If you've ever wanted to give yoga a try, Katie Morgan-Lousky has a proposition for you: Come downtown Sunday and join a couple thousand people for a 30-minute class.
The founder of Cherished Friends of Ahava along with her friends at the Victory Center and Cancer Connection of Northwest Ohio Inc. are hoping to set a world record for a group yoga session. They also hope to raise money for their efforts to help local cancer patients and their families.

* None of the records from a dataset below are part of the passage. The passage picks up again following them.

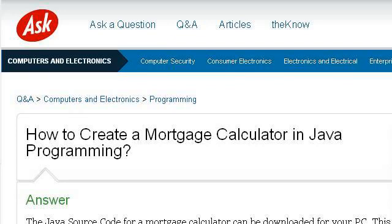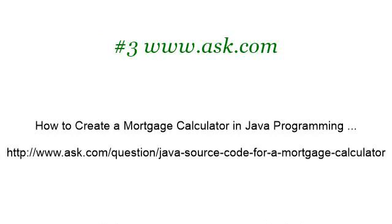If you don't find useful information on the previous sites, see www.ask.com — the web page: How to create a mortgage calculator in Java programming. Here's the link. Thank you.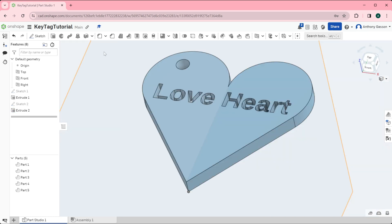There we have it. The love heart key tag is ready to be laser cut or 3D printed.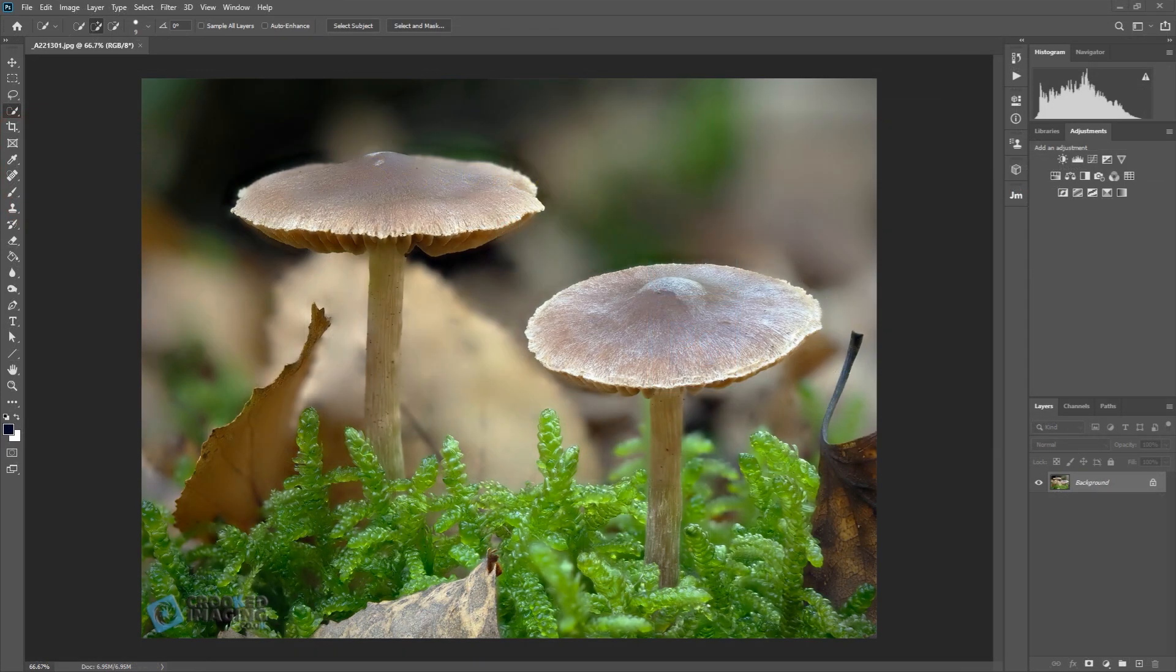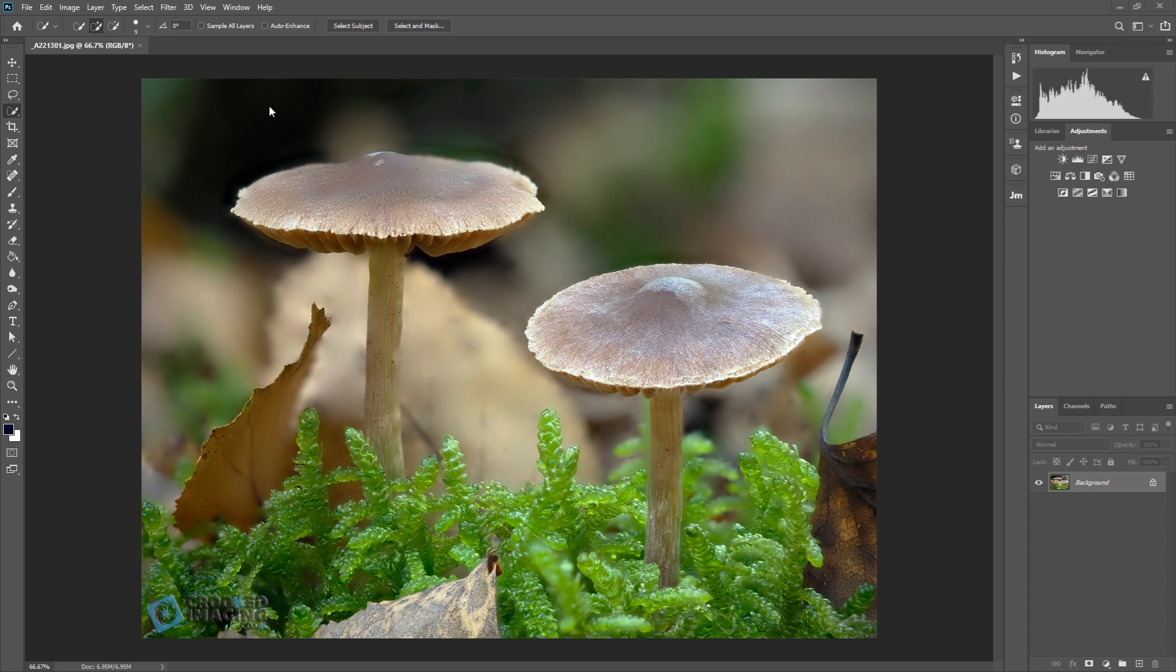I'm Simon from Crooked Imaging and I don't know if you know but Adobe released a new version of Photoshop this week, Photoshop 2020.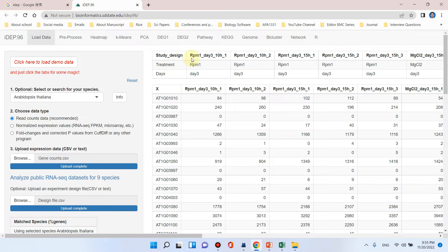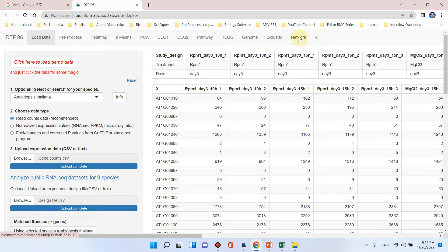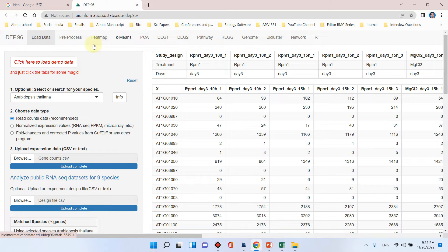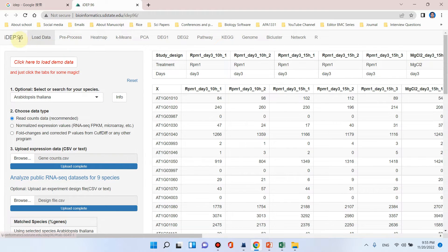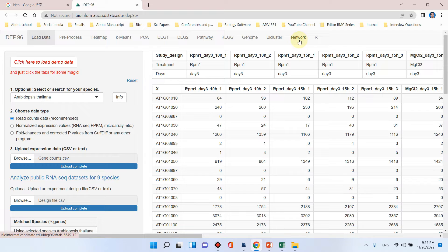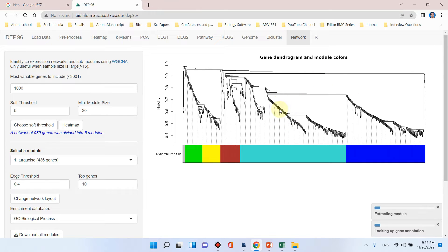For WGCNA analysis you can skip all of these steps and can directly go to this network tab because all of these steps belong to RNA-seq analysis. I have already prepared a separate video if you are interested in learning RNA-seq analysis using iDEP tool, so you can go through the details of all of this. But if you only require to do WGCNA analysis you can simply click on this network tab.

"It's my dream to get 5,000 people down here. I would flip out. I would tap dance on top of my building," said Ms. Morgan-Lousky, who owns Ahava Spa and Wellness Center, 34 South St. Clair St. "To me, it's about more than the Guinness Book of World Records. It's about saying that many people in Toledo, Ohio, have opened their hearts and want to support organizations that are supporting cancer patients."
For $15 - $30 if you'd like a yoga mat and T-shirt - participants will gather on St. Clair Street between Washington and Lafayette tomorrow. Registration begins at 8 a.m., and the giant yoga class in the street is to begin at 9:30 a.m. Mike Zerner, who teaches yoga at the Victory Center and Ahava, will lead the class from center stage with speakers donated by Markey's Audio Visual set up along the street.
For Jean Schoen, founder and executive director of Cancer Connection of Northwest Ohio, the event promises to be an out-of-the-ordinary but fun way for three groups with similar aims to raise badly needed dollars.
"Every penny that we raise will go toward the programs that all three of our organizations have to offer," she said.
Cancer Center of Northwest Ohio is a fledgling nonprofit whose mission is to connect cancer patients and their families with existing programs and to research the need for other assistance programs. The Victory Center describes itself as "a place of hope, laughter, peace, acceptance, and connection" where cancer patients may try alternative therapy techniques, while Cherished Friends of Ahava offers free day-long spa and salon treatments for cancer patients.
"The public generally thinks we are in competition with each other and a lot of supporters feel like they have to support one or the other," Ms. Morgan-Lousky said, adding that she and Victory Center Executive Director Kelly Brooks don't feel that way. "You can never have too many people want to support cancer patients, and they need that support."